On Fasting - Homily I - by St. Basil the Great - Archbishop of Cæsarea in Cappadocia

...Do you think that I am resting the origin of fasting on the Law? Why, fasting is even older than the Law. If you wait a little, you will discover the truth of what I have said. Do not suppose that fasting originated with the Day of Atonement, appointed for Israel on the tenth day of the eventh month. No, go back through history and inquire into the ancient origins of fasting. It is not a recent invention; it is an heirloom handed down by our fathers. Everything distinguished by antiquity is venerable. Have respect for the antiquity of fasting.
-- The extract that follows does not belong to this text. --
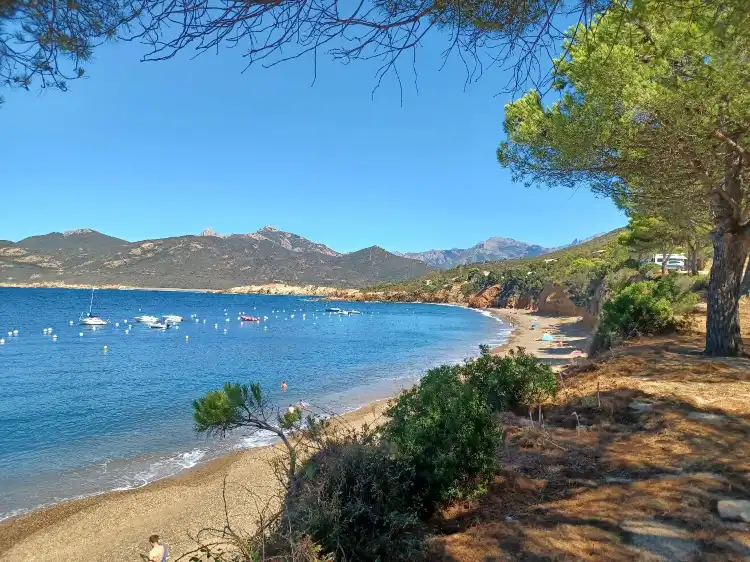 Hôtels à : Galéria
It is as old as humanity itself; it was prescribed in Paradise. It was the first commandment that Adam received: “Of the tree of the knowledge of good and evil ye shall not eat.” Through the words “ye shall not eat” the law of fasting and abstinence is laid down. If Eve had fasted from the tree, we would not now be in need of this fast. “They that be whole need not a physician, but they that are sick.” We have been wounded through sin; we are healed through repentance, but repentance without fasting is fruitless. “Cursed is the ground.... Thorns and thistles shall it bring forth for thee.” You were ordered to live in sorrow, not in luxury. Make amends to God through fasting. Yet even life in Paradise is an image of fasting, not only insofar as man, sharing the life of the Angels, attained to likeness with them through being contented with little, but also insofar as those things which human ingenuity subsequently invented had not yet been devised by those living in Paradise, be it the drinking of wine, the slaughter of animals, or whatever else befuddles the human mind.
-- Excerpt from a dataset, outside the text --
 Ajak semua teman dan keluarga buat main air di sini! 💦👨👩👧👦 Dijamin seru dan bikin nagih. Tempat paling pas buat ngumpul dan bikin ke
Since we did not fast, we fell from Paradise; let us, therefore, fast in order that we might return thither.
...
Do not, however, define the benefit that comes from fasting solely in terms of abstinence from foods. For true fasting consists in estrangement from vices. “Loose every burden of iniquity.” Forgive your neighbor the distress he causes you; forgive him his debts. “Fast not for quarrels and strifes.”You do not eat meat, but you devour your brother. You abstain from wine, but do not restrain yourself from insulting others. You wait until evening to eat, but waste your day in law courts. Woe to those who get drunk, but not from wine. Anger is inebriation of the soul, making it deranged, just as wine does. Grief is also a form of intoxication, one that submerges the intellect. Fear is another kind of drunkenness, when we have phobias regarding inappropriate objects; for Scripture says: “Rescue my soul from fear of the enemy.” And in general, every passion which causes mental derangement may justly be called drunkenness.